Oracle Express actually has a free license. The Express version has most of the same functions as the expensive versions except the 5GB limit on database size. If your app doesn't require lots of data but needs all the SQL power, it's a good choice.

I was wondering the same thing. Our startup currently uses it when doing research on data sets, but it's a db I don't hear about very often when talking about startups. I'm assuming a big factor is price.

I use to work with Oracle daily (previous job) and now I use MySQL mostly with some Postgres and SQLServer at times (lots of client work).

I would say all these databases are worthwhile as long as the DBA is competent. Given that, unless you have a reason to choose Oracle (e.g. familiarity, integration with other applications, a specific Oracle only feature, contractual obligation), I see no reason to choose Oracle. Many companies choose Oracle because Oracle built a solid database/brand early on while catering to big businesses. MySQL and Postgres made great progress in the past decade make them valid alternatives.

The licensing is really an issue, especially when you get into the higher-end. They don't charge per computer, they charge per CPU. So you'll have to pay 4x as much in a dual CPU system (I'm not sure if they have a similar licensing structure for dual-core or quad-core systems)

Yeah, Oracle is mostly used by bigger companies.

Riak! We're ( http://bu.mp ) using more Riak every day. So far so good.

Ditto (http://dropc.am). Very write heavy load for us, which Riak handles without blinking. Fault tolerant, robust, and easy to administer. Every machine is identical, no special "master" nodes or anything like that.

I've heard this about Riak and I was quite excited to test it out for a new project, but in the limited testing I've done Cassandra and HBase both absolutely smoke Riak in terms of write performance. Not really apples to apples I suppose, but I was really surprised at how slow Riak was when handling many (millions) of small writes.

We haven't finished our testing/profiling phase yet, so any hints on how to optimize a large number of small writes (on the order of ~dozen bytes each) would be appreciated.

Without going too much into specifics and picking on individual databases (which I could do, boy do I have the scars...)

When you hit a certain traffic level, scalability, latency and robustness become far more important than single-node ops/s. I need to be able to add nodes and repair failed nodes while under load--I need the 99.9% latency mark to stay ~100ms while doing so. I don't really care how many bajillions of ops a second your database can do in some concocted scenario, b/c you're not going to do that many in the real world anyway (trust me, we tried). The disk subsystem is going to give you a few hundred, maybe a few thousand if you're lucky, IOPS, then your latency will spike to hell and your phone will wake you up at night.

Maybe in the world where 99% of ops are reads, you will put up impressive numbers, but now you're just showing you are pretty good at using the disk cache. That's a relatively easy problem.

The riak guys seem to get all this better than most: http://blog.basho.com/2011/05/11/Lies-Damn-Lies-And-NoSQL/

So, to give you a short answer to your direct question:

Use SLC SSDs + md + RAID-0. Have at least 5 nodes. Use bitcask, but realize that your keys will need to fit in memory. Also, realize that really small values aren't a great fit for Riak in some ways b/c the overhead per value is at least a few hundred bytes.

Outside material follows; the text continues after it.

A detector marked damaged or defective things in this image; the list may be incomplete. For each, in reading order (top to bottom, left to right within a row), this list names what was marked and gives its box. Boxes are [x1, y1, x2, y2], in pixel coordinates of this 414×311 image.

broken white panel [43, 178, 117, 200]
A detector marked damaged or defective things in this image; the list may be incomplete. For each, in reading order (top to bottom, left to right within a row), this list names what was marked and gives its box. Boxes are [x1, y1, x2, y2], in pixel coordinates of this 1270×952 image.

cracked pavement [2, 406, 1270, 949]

Also, it's important to note this is where I'm at right now, but maybe not where you (generally) are at. Riak may not make you happy at server #1, but it will make you pretty happy at server 10 and server 100.

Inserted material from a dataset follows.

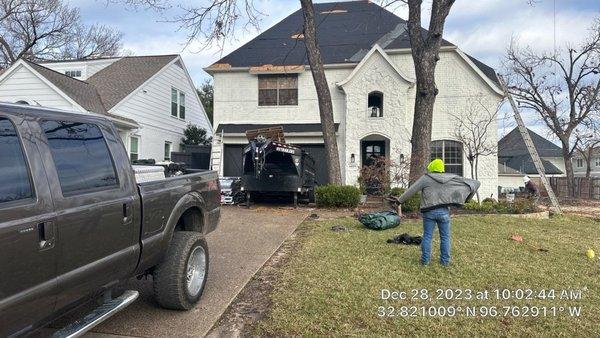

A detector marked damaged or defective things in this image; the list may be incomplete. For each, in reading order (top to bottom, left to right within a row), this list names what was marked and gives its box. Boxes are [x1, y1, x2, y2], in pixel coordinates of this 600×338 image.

damaged roof [211, 0, 496, 83]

Riak's sweet spot is people with scaling pains. If you only need a server or two to try some stuff, and you don't have any users yet, you might cause yourself more headaches than you need. Sometimes you don't need a locomotive, you need a motorcycle.

(These guys have a pretty great motorcycle: http://rethinkdb.com/ )

For everything you've said about Riak re: stability and happy scalability, that's exactly why I was excited to include it in this test. I would like to prevent myself/my team from acquiring too many of those scars, so please elaborate on what caused them ;) Especially if those scars came from Cassandra or HBase!

The test hasn't been a "concocted scenario", it's measuring the performance[1] of a prototype implementations for what will be an essential piece of our infrastructure and process (bulk loads of large numbers of small records, very read heavy after the initial load). Riak's write performance was completely adequate, just nowhere near what we got out-of-the-box with the bulk insert operations available in Cassandra and HBase. I asked on #riak channel on freenode and got told to use protocol buffers (which we already were), I'd really appreciate advice beyond this.

> Also, realize that really small values aren't a great fit for Riak in some ways b/c the overhead per value is at least a few hundred bytes.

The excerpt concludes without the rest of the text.